Please don't ever apologise , I totally understand everything yr saying & feeling , I too like you do everything for my partner & I keep a very clean home , I like things done just so . I worried how he would cope , but I promise you they can do much more than we give them credit for , he won't starve & he will be more than capable of do some cleaning , maybe not to yr standard but enough to keep on top of things I'm sure , I have to be honest with you after yr op all that yr worried about now won't matter a jot to you , yr outlook on life will be totally different , all you will be capable of doing or want to do is concentrate on yr recovery , those things that are huge to you now will become minor & rightly so , you will be yr priority .

It's hard to listen to how yr daughter is treating covid , unfortunately the younger generations don't take it seriously enough ! we have had simler problems here but we are on national lockdown in the UK again , im sure her attitude will change once you go on the list & esp once you have the op ! it is hard for family & Friends to grasp the enormity of a transplant but they do come down to earth with a bang after ! I don't want to go into too much detail about mine , but let's just say I had a few problems after & it scared the living daylights out of mine ( please note this is by no means the case for most , I was just unfortunate that a drain snapped off inside me when they tried to remove it thus resulting in a second op 1 wk later , a bit too much for my body to cope with at the time , but I was in excellent hands )

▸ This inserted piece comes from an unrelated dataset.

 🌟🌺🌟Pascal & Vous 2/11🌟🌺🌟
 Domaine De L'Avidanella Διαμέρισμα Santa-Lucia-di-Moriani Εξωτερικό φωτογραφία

when I was allowed home I wasn't able to walk very well & still had alot of problems but I fought to go home , I had a daily nurse , my family & Friends where amazing god love them all & I wasn't allowed out apart from my trips to liver clinic , I got home 4 days before Christmas 2019 , by the time I was able to do little walks out covid hit , so I've been locked down 95% of this yr !!! the 1st 3 mths of covid where harendous our whole country went on lockdown ! everything closed apart from essential shops etc & only key workers worked , no pubs , restaurants gyms etc where open , you could go for a 20 min walk but only with someone from yr own household , no cars on the roads apart from key workers , we couldn't see anyone , my partner is a key worker so had to work , I cried so much it wasn't true , I thought I would go mad ! but I survived , I used it to my advantage & concentrated on getting well , I got into a new routine because even the every day tasks like bathing had to be planned & was hard work , I bled Netflix dry , I read , I did jigsaws , my family set up a zoom quiz for every Friday night , it just becomes a new way of living .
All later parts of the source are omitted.